-- EXTRACTED RECORDS follows --

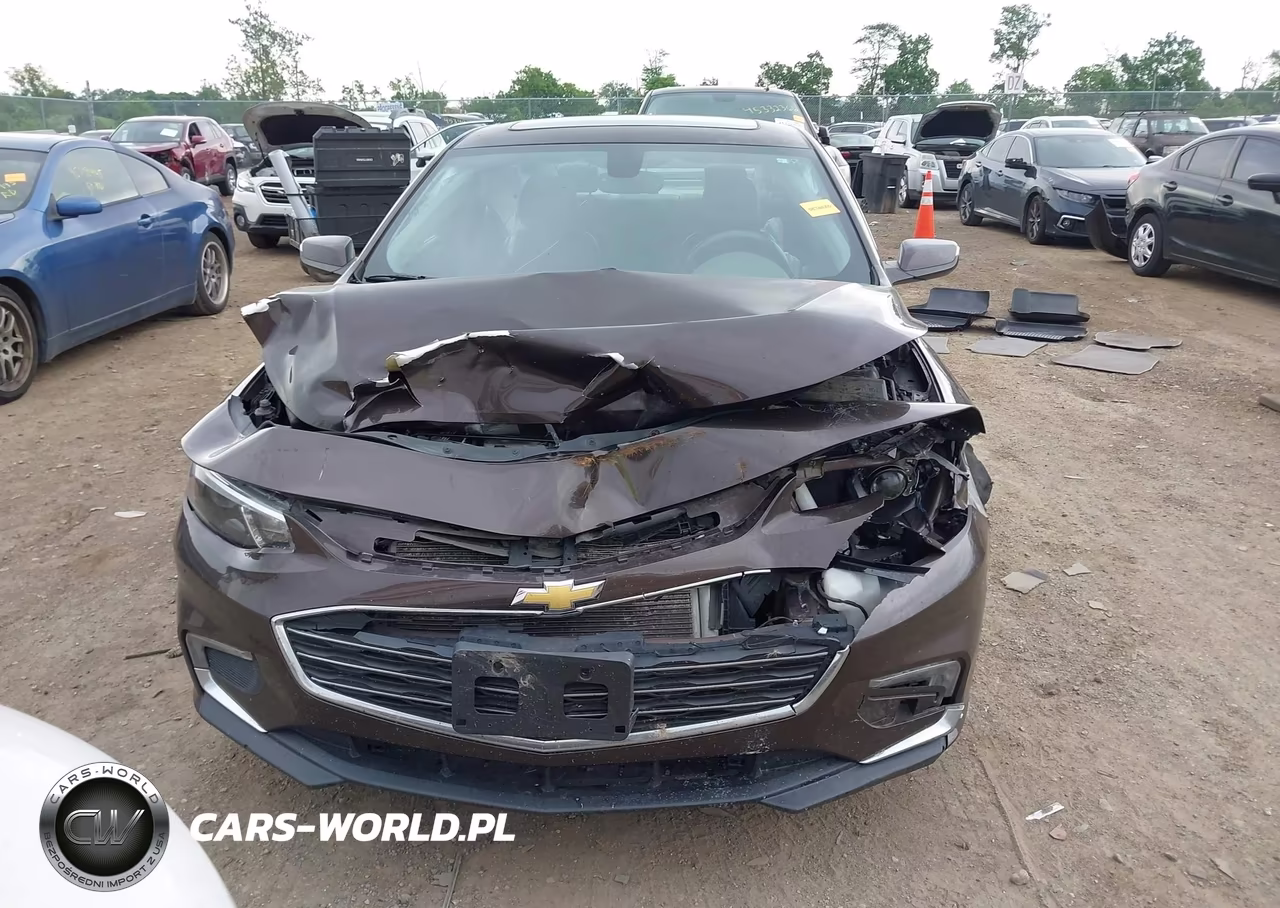 2016 Chevrolet Malibu Premier VIN:1G1ZH5SX1GF224370 - 12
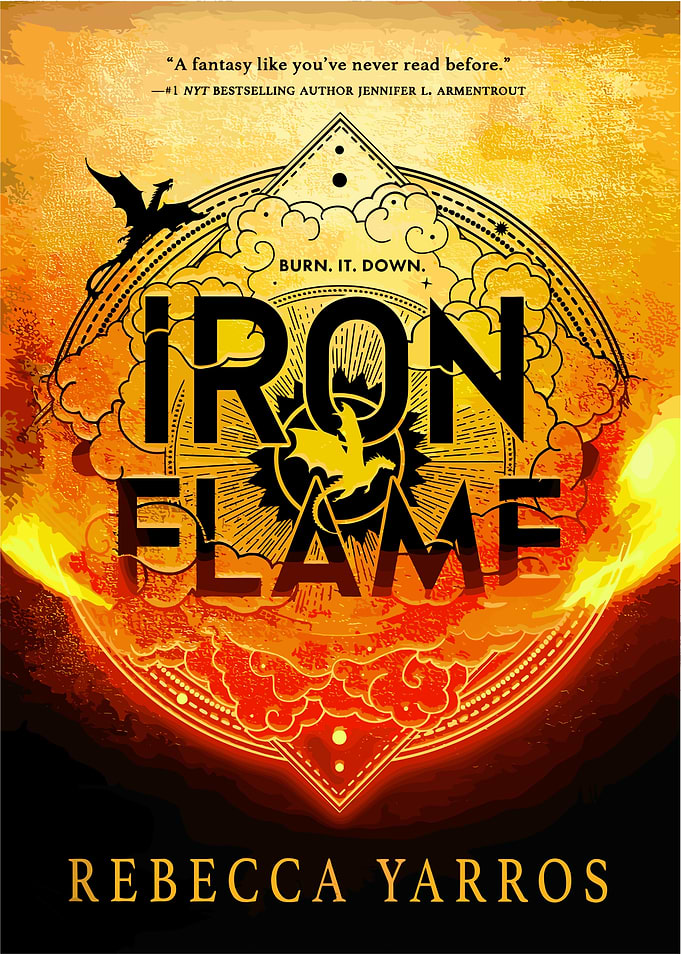 Iron Flame Book Cover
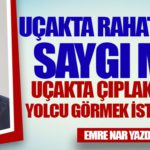 Uçakta Çıplak Ayaklı Yolcu Görmek İstenmiyor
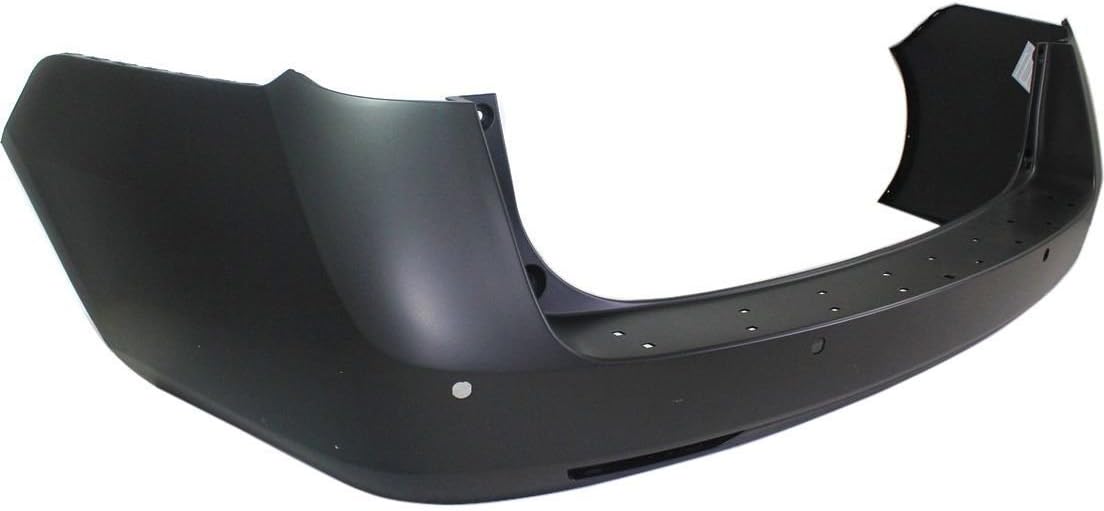 Primered, Rear Bumper Cover Replacement for 2011-2017 Honda Odyssey Touring w/Park 11-17, HO1100266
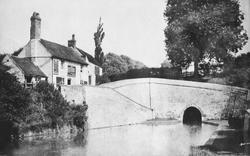 Lapal Tunnel, The Dudley No 2 Canal c.1910, Halesowen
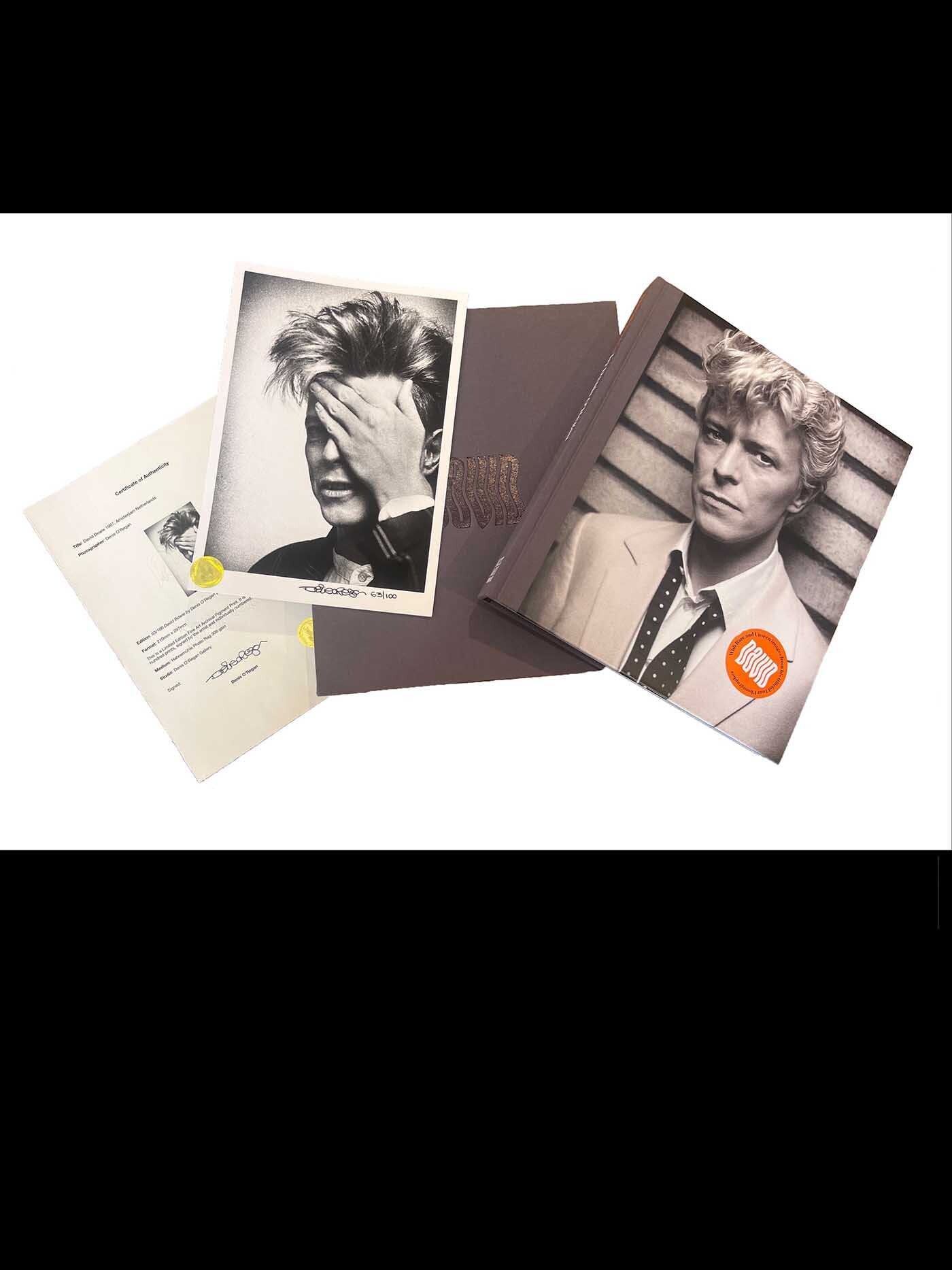 David Bowie by Denis O'Regan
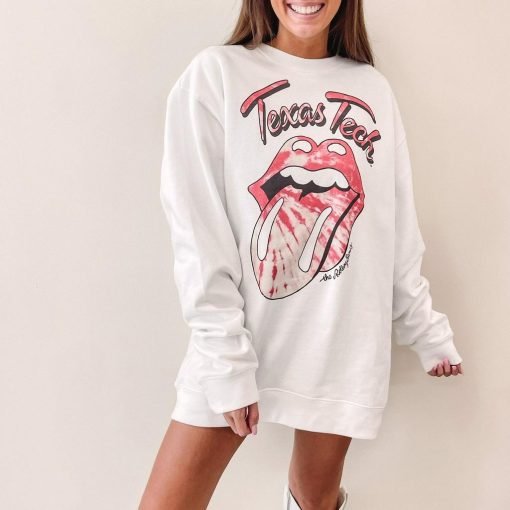 Texas Tech Lip Pullover - Image 6
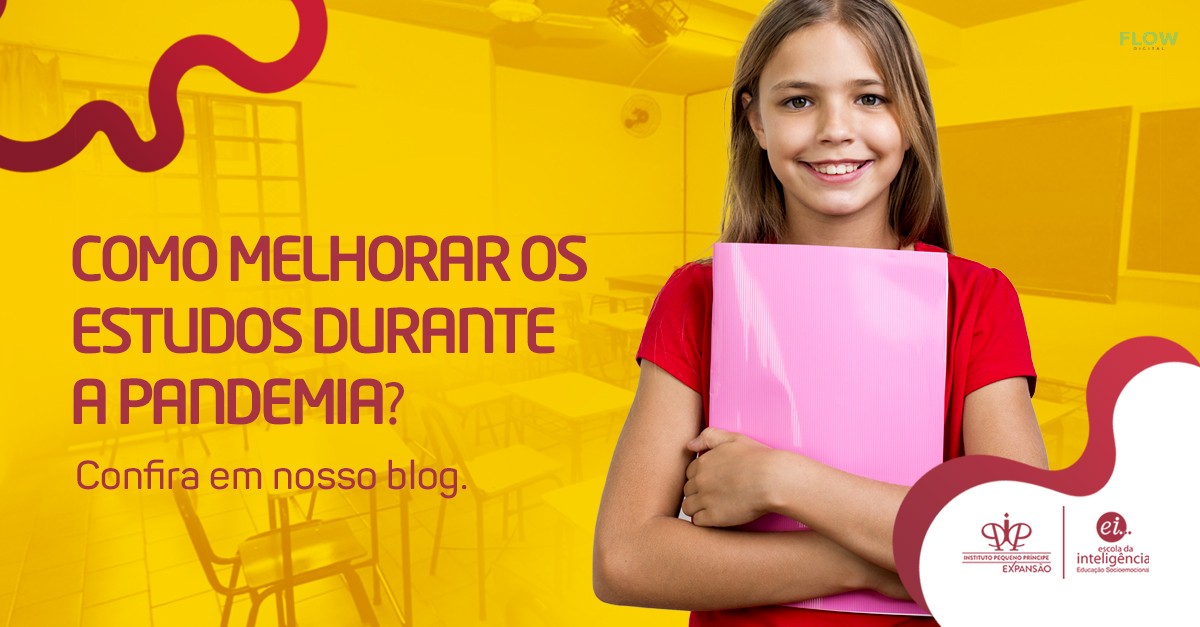 Como Melhorar Seus Estudos Na Pandemia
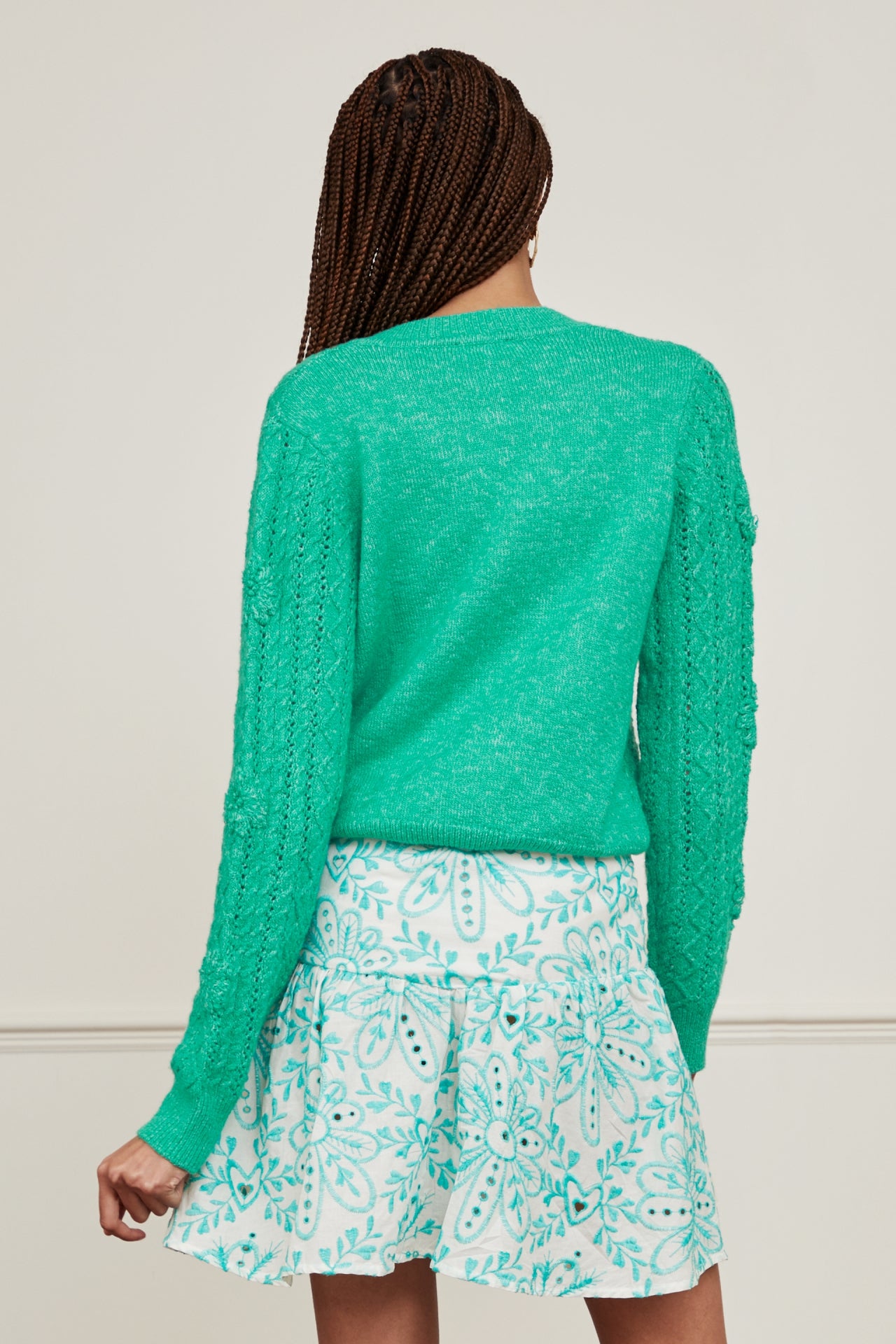 Paris Cardigan Fabienne chapot - second hand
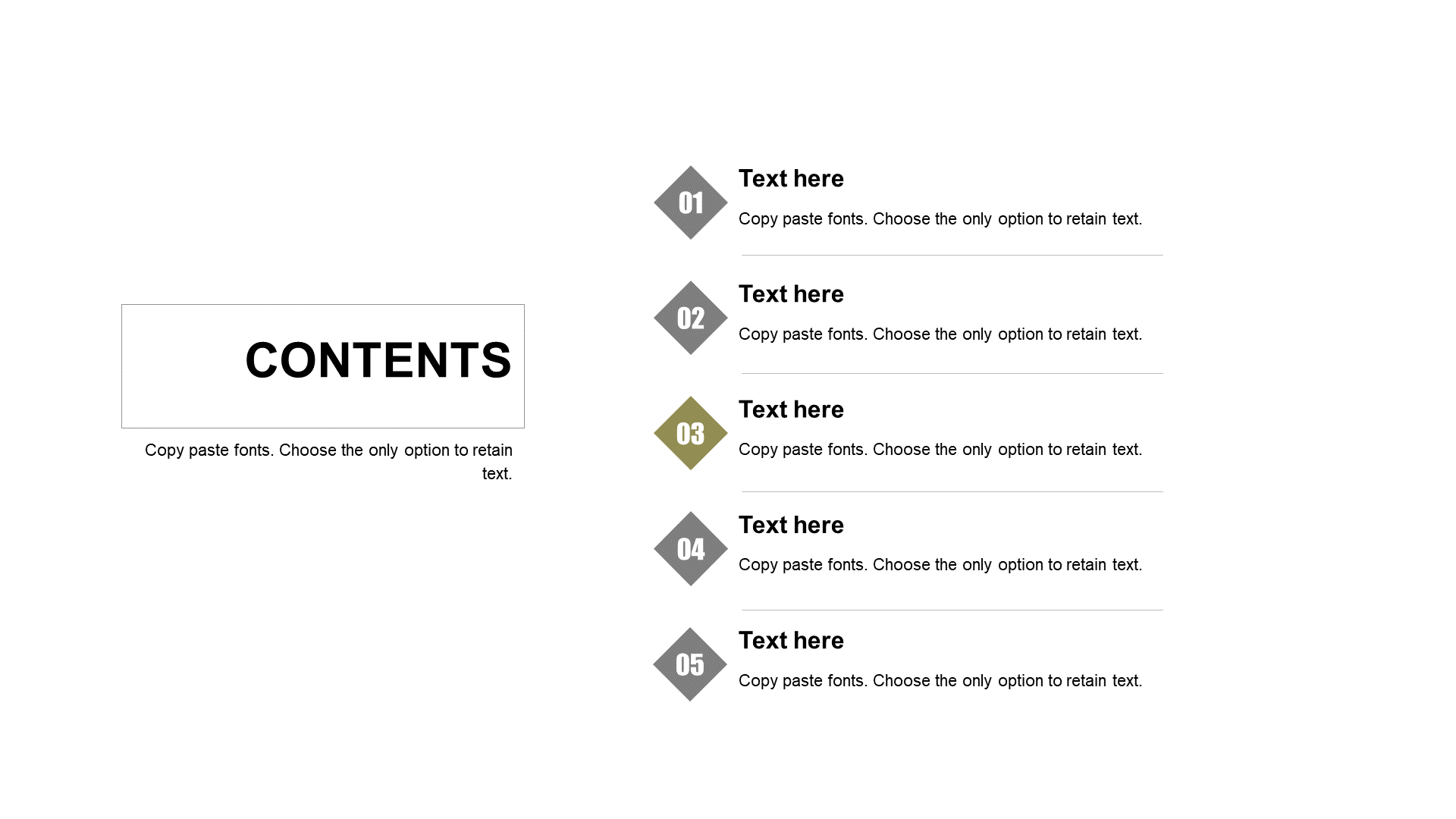 Multi-color aesthetic business style personal quarterly work report PPT template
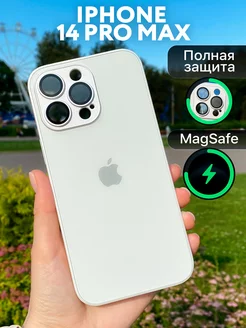 Чехол на iphone 14 PRO MAX стеклянный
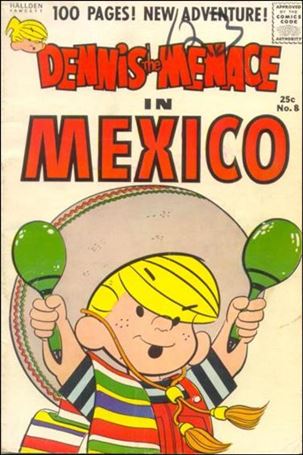 Dennis the Menace (Giants) issue 8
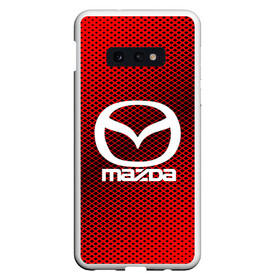 Чехол для Samsung S10E с принтом MAZDA SPORT в Кировске, Силикон | Область печати: задняя сторона чехла, без боковых панелей | auto | automobile | car | carbon | machine | mazda | motor | motor car | sport car | автомашина | бренд | легковой автомобиль | мазда | марка | спортивный автомобиль | тачка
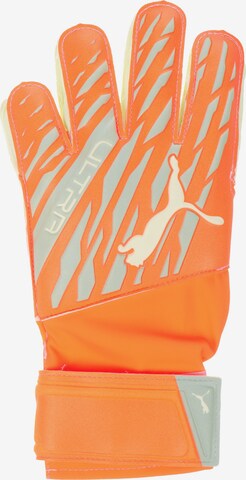 Gants de sport PUMA en orange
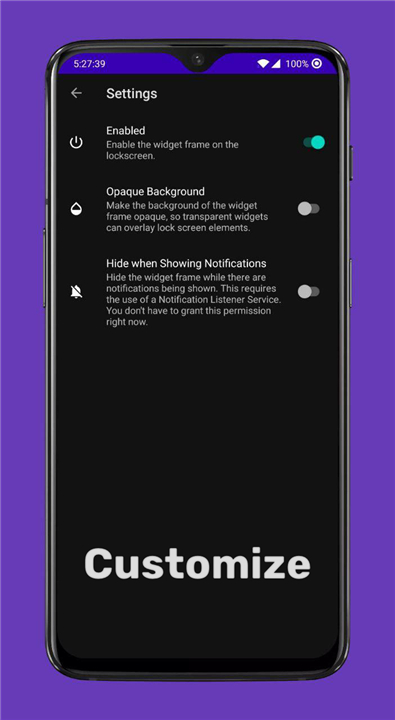 Widgets Anywhere screenshot5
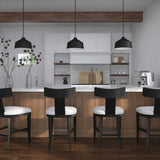Holgate Black 1 Light Pendant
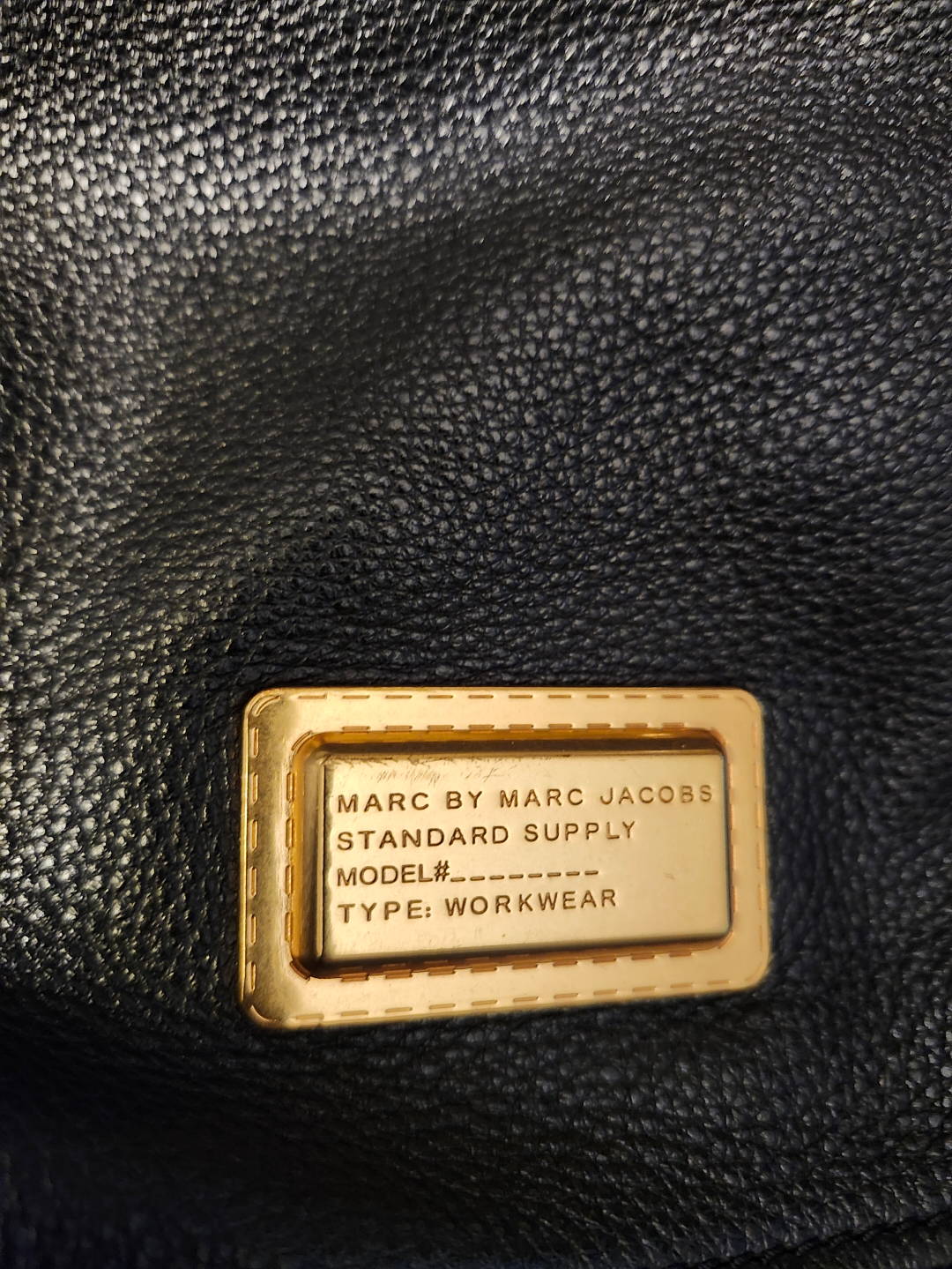 Marc by Marc Jacobs Leather Tote Handbag - photo 4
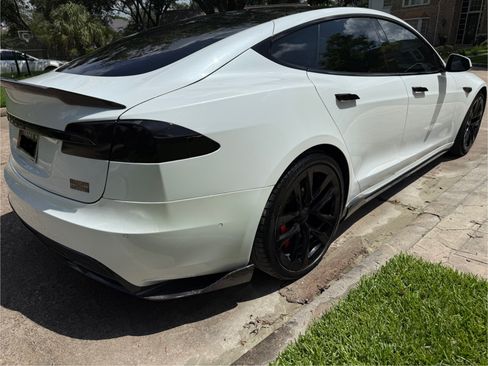 Used 2021 Tesla Model S Plaid AWD/4WD image 21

-- EXTRACTED RECORDS concluded --

__HOW TO COMPLETE THIS TASK__
Copy the lines of the records, beginning where the line containing "Holgate Black 1 Light Pendant" appears and continuing through the final line, exactly and with no pictures.

__OUTPUT OF THE TASK__
Holgate Black 1 Light Pendant
 Marc by Marc Jacobs Leather Tote Handbag - photo 4
 Used 2021 Tesla Model S Plaid AWD/4WD image 21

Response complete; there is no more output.